With brain-inspired architecture, the importance of using a standard algorithm for the local cortical circuit, which performs various functions with a single mechanism, is quite large, though identifying the algorithm remains difficult. Researchers at WBAI thus plan to create a domain model (i.e., the neocortical master algorithm framework) that gives semantics to the input and output of the standard local cortical circuit from the standpoint of information processing. Such efforts should lower the entry barriers for engineers to join in WBA’s development. We will develop it in research in the Brain Information Dynamics project of Grant-in-Aid for Scientific Research in Innovative Areas.
As far as middleware that can implement architecture, the development of the BriCA core, which can handle large-scale computing and virtual time, continues, being led by WBAI. The application of BriCA to ROS, which is suitable for real-time robot control, is being prepared with research groups working on the symbol emergence in robotics. Middleware’s use in WBA’s development is not limited to a particular platform. Software such as machine learning modules to be implemented on the middleware is not limited either, although neural networks and statistical graphical models are assumed, since they can be easily distributed over networks.
To make the open platform strategy work, it is both necessary to assemble engineers who conduct R&D on the platform and vital to train them. Accordingly, WBAI has held seminars since before its foundation and plans to hold six more in FY2017. From FY2017 onward, WBAI will hold NiCO2AI School jointly with Dwango AI Laboratory toward the goal of equipping neuroscientific students with skills to develop WBA by learning machine learning and AI. We have also set up an award to commend people who have contributed to promoting R&D related to brain-inspired AGI and to motivate similar activities. At the same time, activity at SIG-WBA is also fertile ground for engineers collaborating in WBA’s development.
When WBA seminars started in December 2013, we predicted that the development of whole-brain-inspired AI architecture could soon intensify all over the world, and our prediction seems to have come true. In 2015, when WBAI was founded, we emphasized the realization of brain-inspired AGI with the slogan “Let’s build a brain” and continue to work in that spirit. As technological development by AGI leaders rapidly advances, being an organization that pursues public benefit while understanding technology is becoming increasingly important for WBAI. A critical strategy for such development is an open platform approach, with which we seek to unite people who can develop and propagate AGI technologies while catching up with the development trends of AGI leaders.
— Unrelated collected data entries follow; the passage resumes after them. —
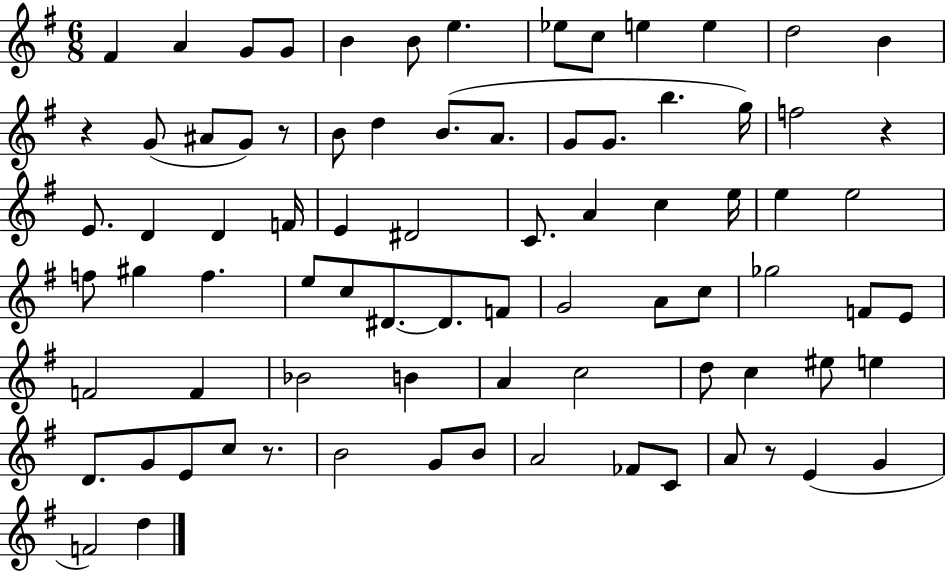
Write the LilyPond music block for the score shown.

{
  \clef treble
  \numericTimeSignature
  \time 6/8
  \key g \major
  fis'4 a'4 g'8 g'8 | b'4 b'8 e''4. | ees''8 c''8 e''4 e''4 | d''2 b'4 | \break r4 g'8( ais'8 g'8) r8 | b'8 d''4 b'8.( a'8. | g'8 g'8. b''4. g''16) | f''2 r4 | \break e'8. d'4 d'4 f'16 | e'4 dis'2 | c'8. a'4 c''4 e''16 | e''4 e''2 | \break f''8 gis''4 f''4. | e''8 c''8 dis'8.~~ dis'8. f'8 | g'2 a'8 c''8 | ges''2 f'8 e'8 | \break f'2 f'4 | bes'2 b'4 | a'4 c''2 | d''8 c''4 eis''8 e''4 | \break d'8. g'8 e'8 c''8 r8. | b'2 g'8 b'8 | a'2 fes'8 c'8 | a'8 r8 e'4( g'4 | \break f'2) d''4 | \bar "|."
}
Although developing and propagating AGI as such cannot be easily tied to profit and its continuation poses great difficulty, it is a significant enterprise for the future of humanity that only public organizations can perform. We have received outstanding support and collaborated from enterprises, investors, other NPOs, policymakers, researchers, engineers, and volunteers. We deeply appreciate their efforts and would like to continue making progress and expanding our lines of communication with all of them.